___ Data extract
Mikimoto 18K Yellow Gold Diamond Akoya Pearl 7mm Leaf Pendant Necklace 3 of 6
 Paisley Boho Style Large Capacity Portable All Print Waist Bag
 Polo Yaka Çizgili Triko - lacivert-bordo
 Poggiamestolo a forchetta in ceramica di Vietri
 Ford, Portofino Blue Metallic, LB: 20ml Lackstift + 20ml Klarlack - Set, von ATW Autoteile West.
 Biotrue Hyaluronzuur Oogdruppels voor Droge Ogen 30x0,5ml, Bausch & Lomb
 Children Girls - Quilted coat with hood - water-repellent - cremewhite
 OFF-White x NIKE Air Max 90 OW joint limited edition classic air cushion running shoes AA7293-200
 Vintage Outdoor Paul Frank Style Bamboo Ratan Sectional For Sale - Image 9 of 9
______
## Exercise goal
Restate word for word the lines above, beginning with the one that contains "Paisley Boho Style" and ending with the last line.

## Task response
 Paisley Boho Style Large Capacity Portable All Print Waist Bag
 Polo Yaka Çizgili Triko - lacivert-bordo
 Poggiamestolo a forchetta in ceramica di Vietri
 Ford, Portofino Blue Metallic, LB: 20ml Lackstift + 20ml Klarlack - Set, von ATW Autoteile West.
 Biotrue Hyaluronzuur Oogdruppels voor Droge Ogen 30x0,5ml, Bausch & Lomb
 Children Girls - Quilted coat with hood - water-repellent - cremewhite
 OFF-White x NIKE Air Max 90 OW joint limited edition classic air cushion running shoes AA7293-200
 Vintage Outdoor Paul Frank Style Bamboo Ratan Sectional For Sale - Image 9 of 9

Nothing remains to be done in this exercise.